Directions
Copy the listing below exactly, but skip the pictures.

Data excerpt
+-------+

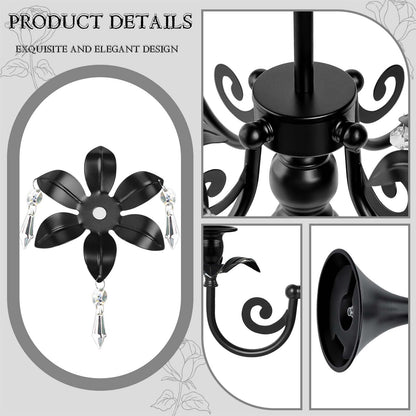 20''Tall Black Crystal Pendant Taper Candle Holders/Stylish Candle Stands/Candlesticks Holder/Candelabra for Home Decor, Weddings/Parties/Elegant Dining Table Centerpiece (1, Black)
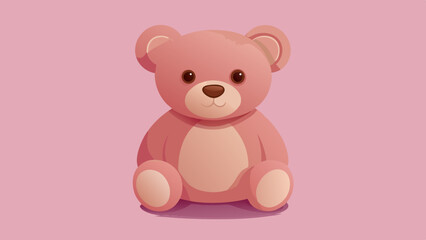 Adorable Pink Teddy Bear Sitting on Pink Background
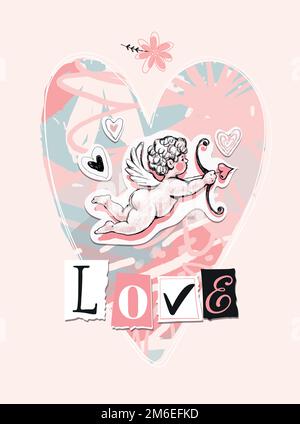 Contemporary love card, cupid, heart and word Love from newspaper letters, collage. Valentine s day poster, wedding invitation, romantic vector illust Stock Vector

+-------+

Completed task
 20''Tall Black Crystal Pendant Taper Candle Holders/Stylish Candle Stands/Candlesticks Holder/Candelabra for Home Decor, Weddings/Parties/Elegant Dining Table Centerpiece (1, Black)
 Adorable Pink Teddy Bear Sitting on Pink Background
 Contemporary love card, cupid, heart and word Love from newspaper letters, collage. Valentine s day poster, wedding invitation, romantic vector illust Stock Vector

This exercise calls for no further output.